[lvm-devel] [PATCH v3 01/18] fsadm: Add new commands create, list, add and remove
Alasdair G Kergon
agk at redhat.com
Wed Oct 5 11:49:15 UTC 2011
On Wed, Oct 05, 2011 at 01:21:17PM +0200, Lukas Czerner wrote:
> On Wed, 5 Oct 2011, Alasdair G Kergon wrote:
> > --force is meant to mean 'permit operations that might not always be wise but
> > sometimes do need to be done - assume the user knows what they are doing'.
> > Normally a warning of what will happen is issued and confirmation is required,
> > but --yes can be used to avoid that confirmation.
> Do you mean --force in the last sentence ?
No, I meant --yes.
It works like this:
If you use --yes, you will not be asked any questions.
Where the code would otherwise have issued a question, it proceeds as if you
answered 'yes, do it'.
If you use --force, it can open up *extra* things the code allows to happen.
Without it, the code would just give an error 'I'm not going to let you do that'.
So, the number of --force options supplied controls *what* the code lets you do.
--yes just controls whether or not you get interactive prompts advising you
what will happen and giving you chances to bail out.
> The first misunderstanding was the use of -f in lvm toos. Because I can
> not see -y|--yes in the documentation I simply used force for not asking
> questions about active volumes to be removed. This can be fixed, if '-y'
> really works.
I can see things missing from the man pages...
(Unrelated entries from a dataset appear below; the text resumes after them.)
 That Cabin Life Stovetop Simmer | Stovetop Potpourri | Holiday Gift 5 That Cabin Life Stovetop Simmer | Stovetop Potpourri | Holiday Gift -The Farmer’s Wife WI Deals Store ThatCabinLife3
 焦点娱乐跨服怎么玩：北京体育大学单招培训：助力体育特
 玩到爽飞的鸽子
> The other is, that using -y option to answer yes to umount mounted file
> system to be checked is ok, but then running fsck with that '-y' option
> does not make sense and it is also dangerous. But Zdenek is convinced
> that it has to stay there (I say it is a bug).
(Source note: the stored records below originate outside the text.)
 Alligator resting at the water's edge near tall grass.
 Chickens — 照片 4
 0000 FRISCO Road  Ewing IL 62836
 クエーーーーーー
Well what we could do there is:
--yes only: we do NOT supply -y to fsck. (Ideally we'd like to choose
non-interactive options though i.e. if it hits something that would
normally require an interactive response, then instead of prompting,
fail the operation. Perhaps -y should map to 'fsck -n' OR 'fsck -p'?
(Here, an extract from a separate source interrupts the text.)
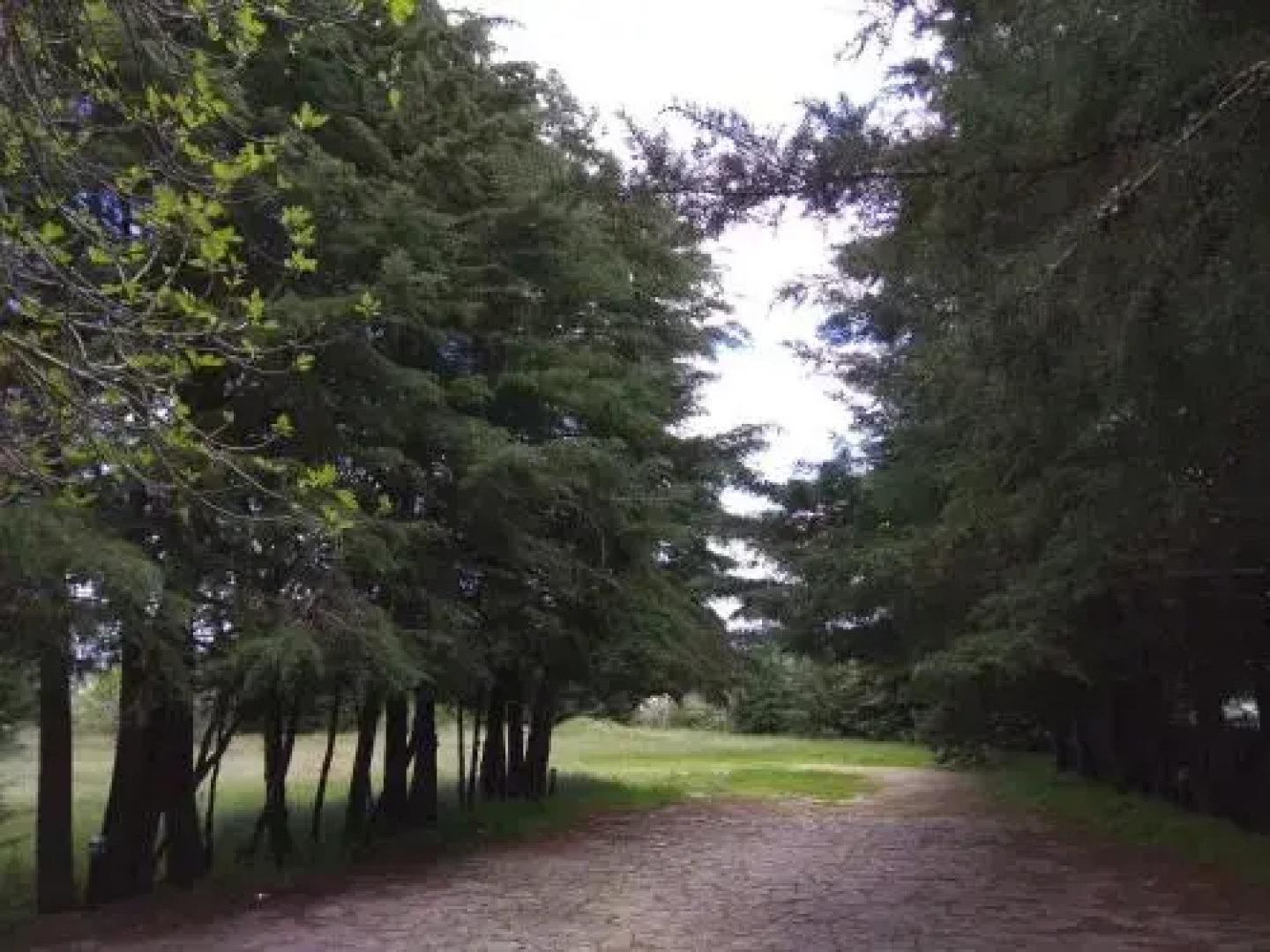 Quinta do Sangrinhal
It should be non-interactive AND safe.)
--force --yes: This could perhaps map to -y, if there's a case
for that. Or perhaps '--force --force --yes'
> lvresize as well, where you have to use "--nofsck" (which is broken btw).
The reason for --nofsck is if you *know* the filesystem is ok because you
already ran a check (for example). But if the fs is indeed ok, won't a basic
fsck be fast anyway, (just checking fs state in superblock rather than
performing a full check) such that it doesn't matter if it gets run again?